MOUNTAIN VIEW (CBS SF / CNN) — Google will restrict free usage of a very popular service.
The company headquartered in Mountain View will phase out unlimited storage on Google Photos, it announced Wednesday. The service, launched in 2015, allows users to easily upload, back up and sort through the thousands of images we fill our smartphones with.
Any images users upload beyond June 1, 2021 will count towards the 15 GB limit imposed on Google accounts that already includes files from other services such as Gmail and Google Drive.
After hitting that limit, Google Photos users will have to pay for extra space through the company’s Google One cloud service, which starts at $1.99 a month for 100 GB of storage.
But the flood of users that flocked to Google Photos in the five years since it launched — more than a billion of them — may have reason to feel betrayed after counting on a feature that Google at least hinted would be around forever.
“Google Photos gives you a single, private place to keep a lifetime of memories, and access them from any device,” Anil Sabharwal, Google Photos’ then-head, said in a blog post when the service launched in 2015. “And when we say a lifetime of memories, we really mean it.”
Google Photos hooked users with the offer of unlimited high quality photo uploads and slick automatic backups from your smartphone. Once your photos are uploaded Google’s AI capabilities make it much easier to search through your old photos, including grouping them by event, by date or even identifying individual people and places.
“Google Photos: Photos. Until Google doesn’t want them anymore,” wrote one user on a YouTube promo touting Google Photos as being “For Life.”
Several Twitter users also accused the company of a “bait and switch,” with many vowing to stop using Google Photos.
Google did not immediately respond to a request for additional comment.
There are some details about the upcoming change worth noting.
Previously, Google allowed users to upload high-quality images — slightly compressed from the original but barely noticeable to the casual eye — for free. Uploading original quality images already counted towards the 15 GB storage limit. But after June 1 next year, any images users put on Google Photos will eat into that limit.
There are some measures in place that will help ease the transition. Google says anything uploaded to Google Photos between now and next June will not count towards the 15 GB cap, and the company estimates more than 80% of users will have enough space to store around three more years’ worth of images and videos even after June next year.
Google will also let you track your remaining space in years rather than GB, based on a calculation of how often you take and back up images. Google Photos also uses artificial intelligence to warn you when you may be running out of space and suggest photos that might be easy to get rid of, such as random screenshots, blurry images and anything it’s already backed up to the cloud.
Google says users of its Pixel smartphones will enjoy the free unlimited storage even after the June 2021 deadline.
You’ve got options
To some, Google’s move to suddenly make more users start paying for storage might seem like the perfect example of a tech company that’s too big and powerful.

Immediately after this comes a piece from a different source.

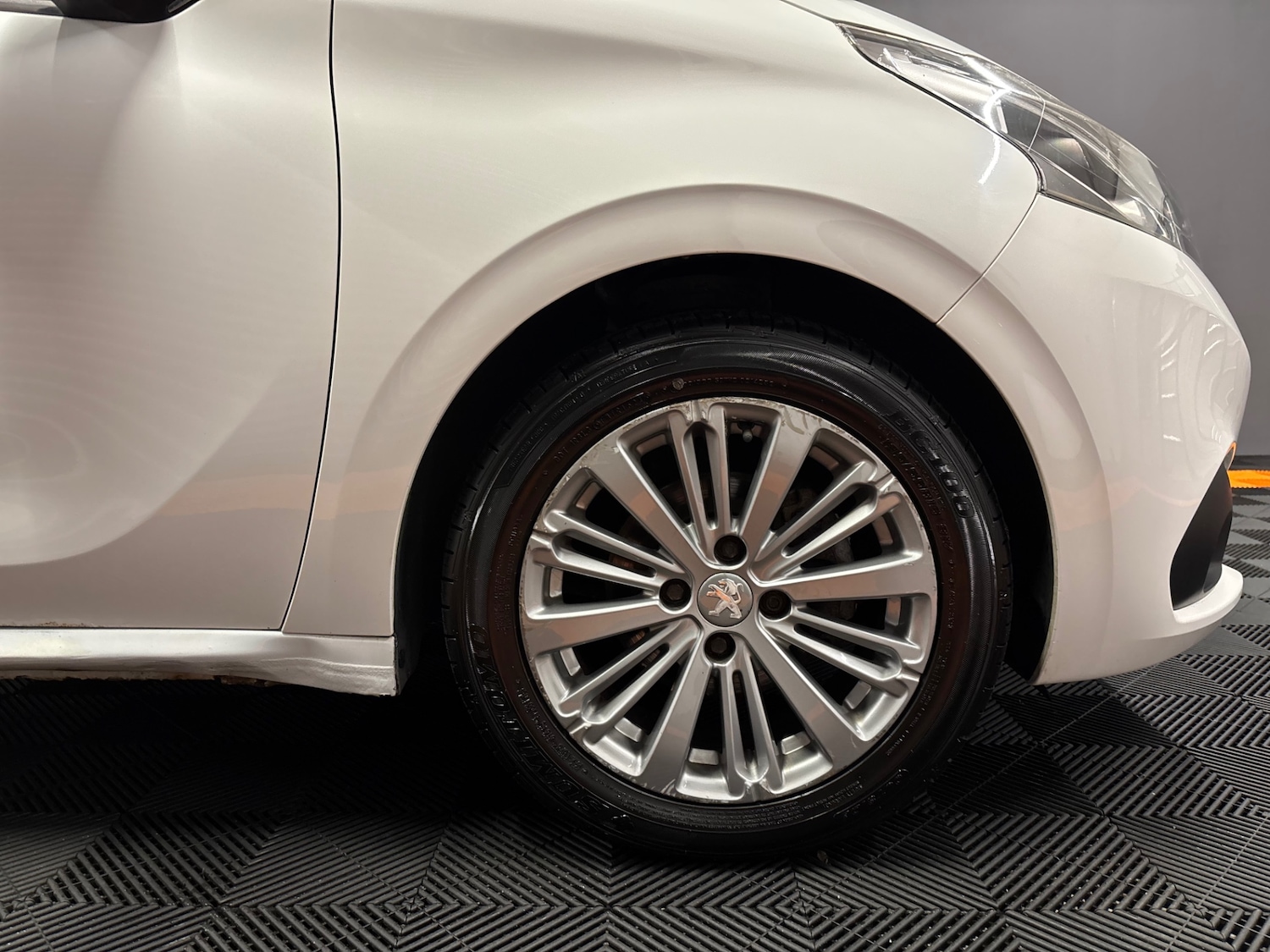 Used Peugeot 208 2015 for sale - 76381369: Photo 28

After all, the tech giant is already facing a significant antitrust lawsuit over its dominance in online search, and Its move to juice Google Photos for even more revenue could give some of the company’s many critics more fodder to justify a crackdown.
But unlike its dominance in online search, Google has several high-profile competitors when it comes to photo and cloud storage services.
These include Apple’s iCloud, which offers 5 GB of free storage and $0.99 a month for 50 GB of storage thereafter, Microsoft’s OneDrive, which gives users 100 GB of storage for $1.99 a month, and Flickr, which offers up to 1,000 photos and videos for free and charges $6.99 a month for unlimited storage.
So galling as it might seem to some, the change is unlikely to exacerbate scrutiny of its market power.
“I think it’s a stretch to call this an antitrust problem,” said Avery Gardiner, general counsel and senior fellow for competition, data and power at the Center for Democracy and Technology. “And giving people more than six months notice of a future price increase isn’t the sort of conduct we usually characterize as an abuse of power.”
Gardiner also points out that Google doesn’t impede users from switching to other services or place restrictions on compatibility between different services.
But for users who have years of images and videos on Google Photos — the company says more than 4 trillion images are currently stored on the platform, with 28 billion being added every week — switching away may be difficult. Some good things just weren’t meant to last.